ACTION ITEM - The listing below holds a line with "Simple White Gold" and a later line with "Erkek Buz Ipek". Write out those two lines and every line between them, exactly, and nothing else.

INPUT DATA -
┄┄┄┄┄┄┄┄┄┄

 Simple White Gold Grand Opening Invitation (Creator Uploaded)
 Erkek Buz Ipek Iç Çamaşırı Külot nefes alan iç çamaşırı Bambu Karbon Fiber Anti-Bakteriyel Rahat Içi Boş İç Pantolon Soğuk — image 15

┄┄┄┄┄┄┄┄┄┄

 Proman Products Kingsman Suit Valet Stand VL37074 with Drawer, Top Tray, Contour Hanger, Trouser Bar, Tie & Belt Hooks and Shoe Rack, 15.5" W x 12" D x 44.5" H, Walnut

┄┄┄┄┄┄┄┄┄┄

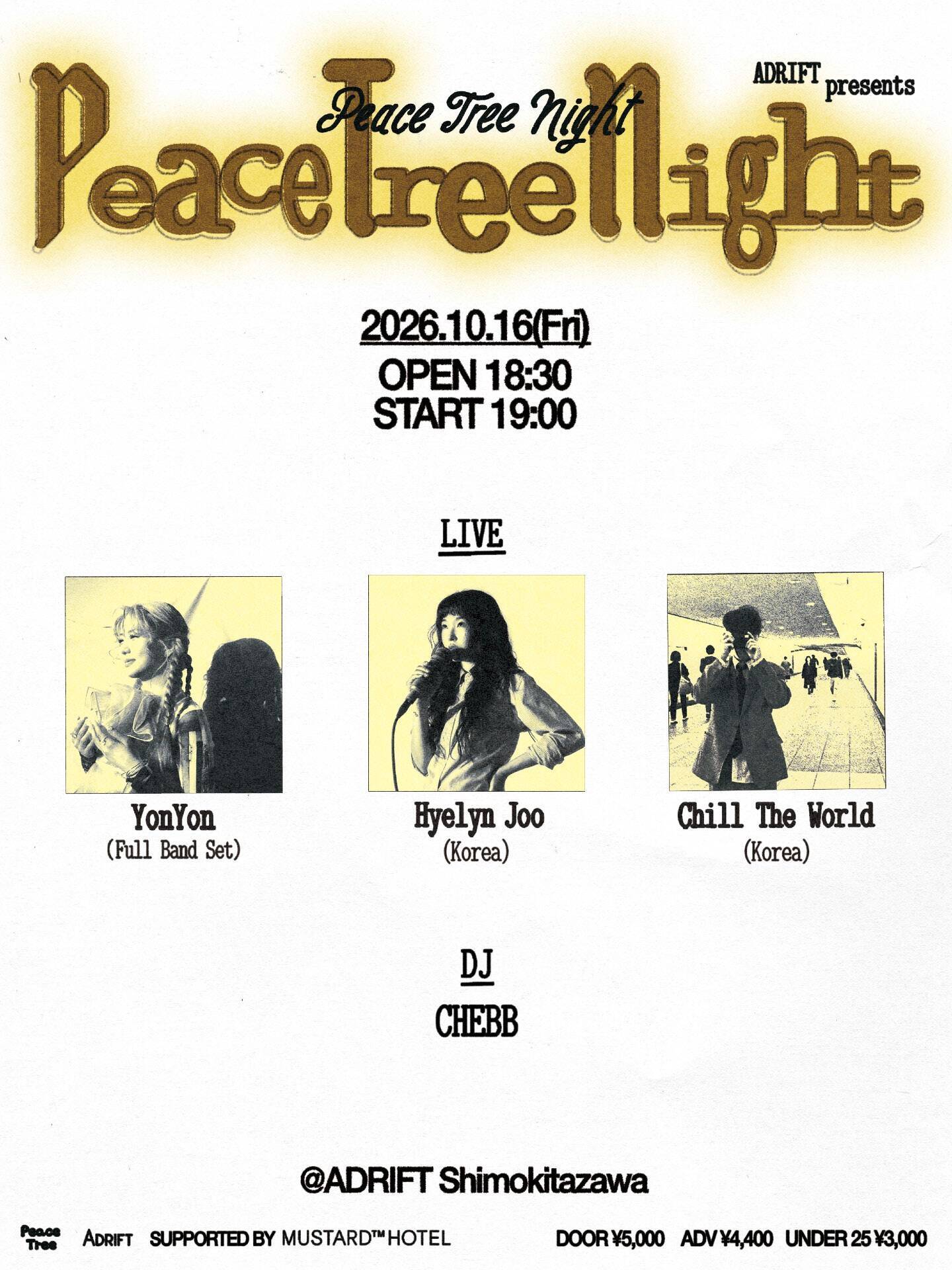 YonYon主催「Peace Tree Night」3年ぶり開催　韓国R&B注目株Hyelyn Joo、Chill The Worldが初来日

┄┄┄┄┄┄┄┄┄┄

ANSWER TO THIS EXERCISE -
 Simple White Gold Grand Opening Invitation (Creator Uploaded)
 Erkek Buz Ipek Iç Çamaşırı Külot nefes alan iç çamaşırı Bambu Karbon Fiber Anti-Bakteriyel Rahat Içi Boş İç Pantolon Soğuk — image 15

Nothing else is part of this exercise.